# Nice looking nano tanks?



## shift (Dec 21, 2012)

Currently I have 4 10 gallon tanks in using for shrimp in my workshop. I'm turning this room into and office and want to do something nicer with the tanks. Now I'm not sure if I should get one bigger one.. Keep a few small ones (row of matching ones?) 12g long or two. 4 rimless 5-10g side by side. 

Basically looking for something that would look nice and classy. As much as I love rimless should I do closed top to cut down on evaporation..Any suggestions?


----------



## April (Apr 21, 2010)

I have mr. Aqua tanks rimless on sale. 30.00 each. You won't get too
Much humidity if you keep the shrimp at room temperature. It's when you have warmer water you get
More. Or you can cover them at night. A styro
Lid works great.


Sent by tapatalk in north Burnaby


----------



## jhj0112 (Jul 30, 2013)

I really like Eheim Aquastyle!! Very nice and neat! you can choose 4 6 9 Gallon, it has a lid as well.. I have seen a 12G long once. Very unique tank.. are you going to put all shrimps in one tank or do you want to separate shrimps ( CRS, CBS, Blue.. ETC)? 
If you want to put everything in one tank, I think one big( long) tank may look neat. just me though  I also wouldn't mind 4 aquastyle!!


----------



## shift (Dec 21, 2012)

Hey April what size are your aqua rimless tanks?

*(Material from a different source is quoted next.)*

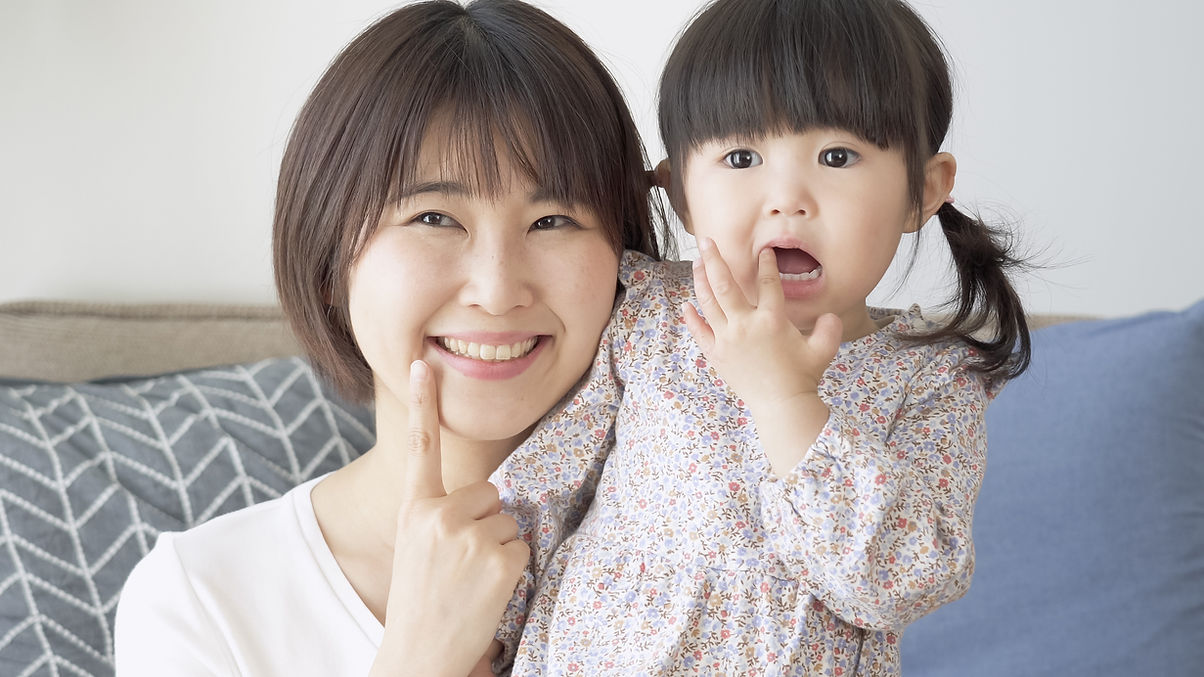笑顔の親子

Aquastyles look pretty nice too. I guess the question is rimmed or rimless. Technically I could just mix the Crs/cbs/ pumpkins and just keep the oebt/fire reds together


----------



## shift (Dec 21, 2012)

Does anyone know of a tank similar to the mr aqua 12g long big larger with more capacity?


----------



## Reckon (Jul 25, 2012)

Perhaps you can derim a 22gal long?
I used to own one but sold it a while ago. Can be seen in my journal.


----------



## shift (Dec 21, 2012)

I'm liking the look of the innovative nuvo 16 and 24 tanks. I wonder how well it would work for freahwater. I believe they have one with 10k LEDs may be a bit high but would probably work for plants


----------



## Ra's al Ghul (Apr 28, 2010)

It would work fine, did you see the price


----------



## shift (Dec 21, 2012)

299 shipped is the cheapest I have for the 16 is the cheapest I have found so far. Still trying to hunt down a 24 In canada for a good deal


----------



## shift (Dec 21, 2012)

It a bit pricey but I think I'm going to bite the bullet and get the nuvo 24. It's just to sexy of a tank. Way overly priced but I'm consolidating a few tanks so I need one real nice one!


----------



## jhj0112 (Jul 30, 2013)

very nice tank!! AND you have choice to change that tank to saltwater tank


----------



## shift (Dec 21, 2012)

Perfect! Fresh mainly shrimp tank for now. Maybe salt one day.


----------



## April (Apr 21, 2010)

Oh..very nice! Where did you get it?


----------



## shift (Dec 21, 2012)

Aj pets in Vernon. Apparently that model was discontinued and it was there display one. I love the dimensions. 36x12x13. Like a 12gallon long but double the capacity!!


----------



## shift (Dec 21, 2012)

Now any suggestions for an amazing scape? or somewhere to get aqua soil for cheap?


----------



## Ra's al Ghul (Apr 28, 2010)

Aprils aquarium, has nice branches and different kinds of substrate


----------



## shift (Dec 21, 2012)

I need to make my way back to Vancouver one of these days!


----------



## April (Apr 21, 2010)

Only two branches left
Right now


Sent by tapatalk in north Burnaby


----------